I’m 5’3 and 132 pounds. In my mind that means I can take care of myself. I like lifting weights, I can carry big boxes or put a pack on my back and handle my own, but in all reality, my stature is pretty tiny. And this reddit thread I was reading was making me doubt my confident decision to go solo camping for the first time. I was so sure of myself I had Amazon Prime-d myself a new lantern, headlamp and tent. I was committed. I had been doing weekend adventures alone for months — all degrees of difficulty, some questionable path choices, but always making it out with amazing stories and getting even better views. The post I was reading was telling me there was a danger, especially for solo women going out exploring on their own. That we are more prone to getting attacked, taken advantage of or hurt on the trails and backlands and taking that risk was “entirely stupid and asking to get attacked.” I remember reading that and getting a faint shiver, enough to make me put a question mark on my weekend plans.
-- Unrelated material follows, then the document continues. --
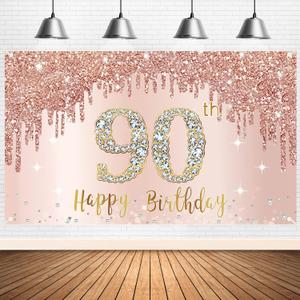 Happy 90th Birthday Banner Backdrop Decorations for Women, Rose Gold 90 Birthday Party Sign Supplies, Pink 90 Year Old Birthday Poster Background Photo Booth Props Decor Happy 90th Birthday Banner Backdrop Decorations for Women, Rose Gold 90 Birthday Party Sign Supplies, Pink 90 Year Old Birthday Poster Background Photo Booth Props Decor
I looked at Shelby, “it’s fake, right?” She shrugged and said she wouldn’t ever go camping alone, “I respect that you want to do this, I think it’s so impressive and cool, I just don’t think I would…” she trailed off.
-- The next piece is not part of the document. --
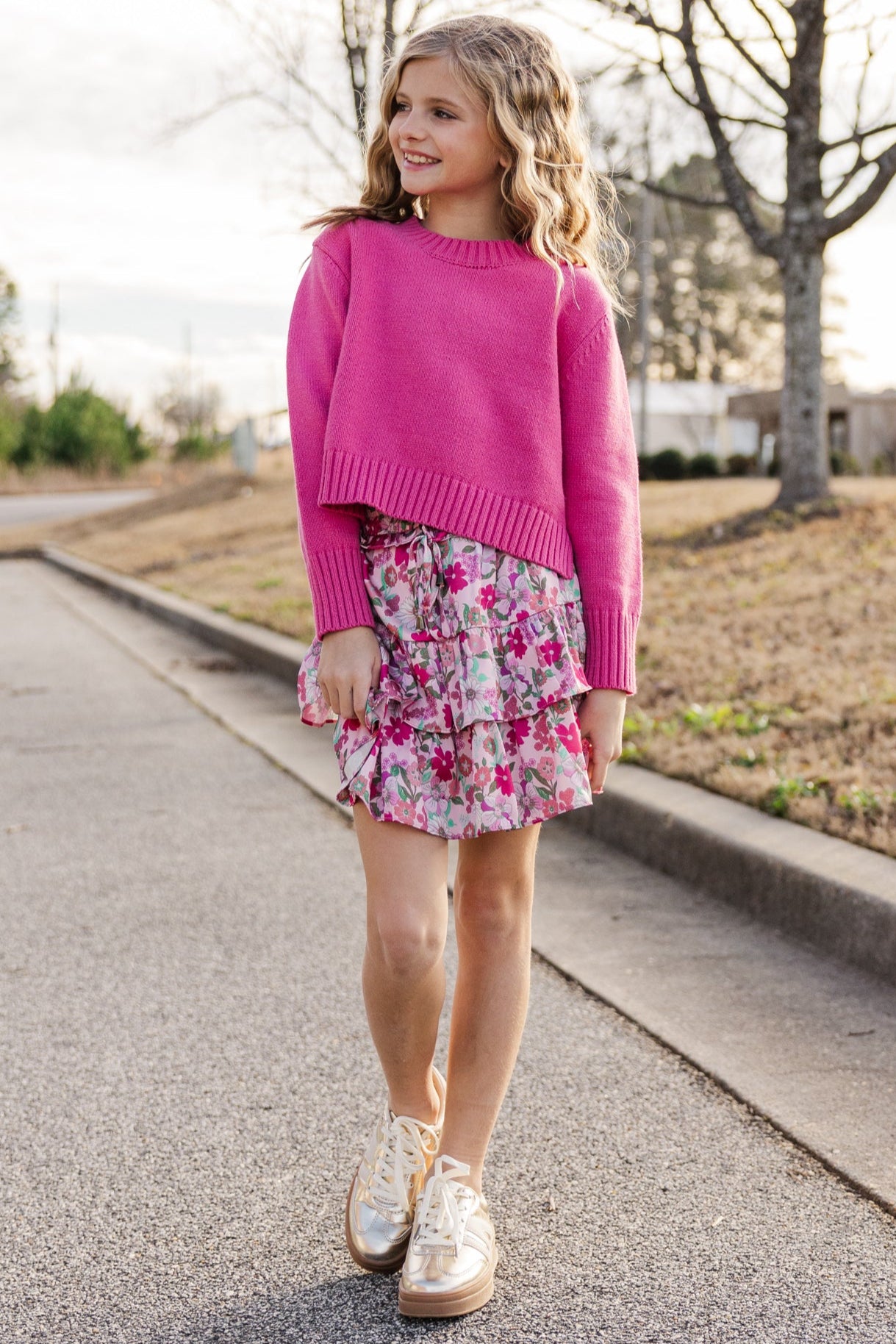 Lucy Fuchsia Pink Sweater for Girls - Absolutely Adorable!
But I’d already bought the gear. I’d already picked out a site. I’d already told people I was going. I was going. I like a little discomfort. That feeling of knowing everything relies on you and your own abilities. I like that anxious feeling that creeps up into the back of your chest, excited but also nervous of the unknown. I packed up my car that night and the next day after work, I booked it onto the interstate. Alone. Me, my new tent and a playlist full of jams that made me feel nostalgic and introspective.
I cruised up the interstate, tapping my fingers on my steering wheel, my left foot up crossed on the seat as I drove. I watched as the landscape turned from cacti and desert to rolling hills and finally, towering, emerald green pines. It dropped in temperature as my car climbed in elevation and I thanked my lucky stars I’d packed a beanie, long socks and sweatpants. I was gonna be chilly, but I was confident I was prepared and ready for this adventure. Once I hit Flagstaff I drove out towards Humphrey’s Peak. I turned off the highway onto a forest service road and took my sports car cruising on back roads I wasn’t sure it should be on, but I was meant to be on those gravel trails, so it was stuck coming with me. I wove further back, closer to the mountain base as it began to loom over me. Soon, the road began to lace up the side, such a narrow road I prayed I wouldn’t meet another car on the way up as I envisioned plummeting off the side. I got up to Lockett Meadow, seeing that every campsite had already been claimed. My heart sunk. I didn’t want to have to be a quitter. The last site on the right was long, with a deep cove that only had a few cars parked nearby. I took my chances, driving up in search of a hidden site that had been left un-camped. As I pulled up, a young lady about my age — Michelle — walked up to my car. “Are you looking to camp?” I nodded, my cheeks a little flushed with discouragement. “I have this huge site to myself, feel free to set up anywhere you want!” Michelle was welcoming and I could tell from her set up that she had solo camped many times. She had all the gear. She had her fire set up. She was at ease. She was everything I was hoping I could be once I started to set up.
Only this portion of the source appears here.